↓↓↓
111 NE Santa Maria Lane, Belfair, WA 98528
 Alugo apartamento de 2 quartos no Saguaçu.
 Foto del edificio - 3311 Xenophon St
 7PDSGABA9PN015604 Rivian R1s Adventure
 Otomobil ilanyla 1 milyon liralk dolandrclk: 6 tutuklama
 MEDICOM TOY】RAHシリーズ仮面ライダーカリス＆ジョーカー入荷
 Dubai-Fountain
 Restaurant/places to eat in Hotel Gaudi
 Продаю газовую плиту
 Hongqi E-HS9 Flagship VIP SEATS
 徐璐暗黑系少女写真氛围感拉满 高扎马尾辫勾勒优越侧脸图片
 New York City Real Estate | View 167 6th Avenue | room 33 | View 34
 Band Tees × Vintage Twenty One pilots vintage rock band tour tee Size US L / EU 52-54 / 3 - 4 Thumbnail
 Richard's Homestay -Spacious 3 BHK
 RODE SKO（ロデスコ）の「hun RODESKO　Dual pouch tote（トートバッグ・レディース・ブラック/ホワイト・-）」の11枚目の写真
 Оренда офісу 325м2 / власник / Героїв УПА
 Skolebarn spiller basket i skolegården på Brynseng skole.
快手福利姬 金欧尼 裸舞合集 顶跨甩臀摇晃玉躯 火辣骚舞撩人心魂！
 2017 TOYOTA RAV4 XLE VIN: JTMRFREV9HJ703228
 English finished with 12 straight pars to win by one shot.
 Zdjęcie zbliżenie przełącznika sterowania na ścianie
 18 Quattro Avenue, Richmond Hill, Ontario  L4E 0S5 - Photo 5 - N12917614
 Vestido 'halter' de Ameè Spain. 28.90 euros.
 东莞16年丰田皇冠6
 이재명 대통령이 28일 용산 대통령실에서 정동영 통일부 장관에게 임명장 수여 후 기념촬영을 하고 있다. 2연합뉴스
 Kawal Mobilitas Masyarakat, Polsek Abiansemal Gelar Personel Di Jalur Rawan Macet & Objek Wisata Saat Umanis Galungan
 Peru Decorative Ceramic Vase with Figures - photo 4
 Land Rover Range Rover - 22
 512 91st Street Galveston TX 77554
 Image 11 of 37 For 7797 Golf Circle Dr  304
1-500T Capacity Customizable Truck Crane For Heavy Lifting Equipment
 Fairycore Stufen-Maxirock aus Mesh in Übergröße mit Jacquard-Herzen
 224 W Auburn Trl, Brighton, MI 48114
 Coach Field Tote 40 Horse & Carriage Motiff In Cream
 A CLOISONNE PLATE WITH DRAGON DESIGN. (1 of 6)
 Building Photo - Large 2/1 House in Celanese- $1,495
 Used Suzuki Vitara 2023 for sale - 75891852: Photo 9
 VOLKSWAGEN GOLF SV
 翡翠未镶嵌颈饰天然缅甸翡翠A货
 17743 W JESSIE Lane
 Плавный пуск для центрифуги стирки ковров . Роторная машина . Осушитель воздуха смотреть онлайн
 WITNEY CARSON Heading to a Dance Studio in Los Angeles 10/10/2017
↑↑↑
> **Exercise**:
Give back, unchanged, the run of lines in the listing above that begins at the line containing "Coach Field Tote" and ends at the line containing "17743 W JESSIE Lane", both included.

> **Written reply**:
 Coach Field Tote 40 Horse & Carriage Motiff In Cream
 A CLOISONNE PLATE WITH DRAGON DESIGN. (1 of 6)
 Building Photo - Large 2/1 House in Celanese- $1,495
 Used Suzuki Vitara 2023 for sale - 75891852: Photo 9
 VOLKSWAGEN GOLF SV
 翡翠未镶嵌颈饰天然缅甸翡翠A货
 17743 W JESSIE Lane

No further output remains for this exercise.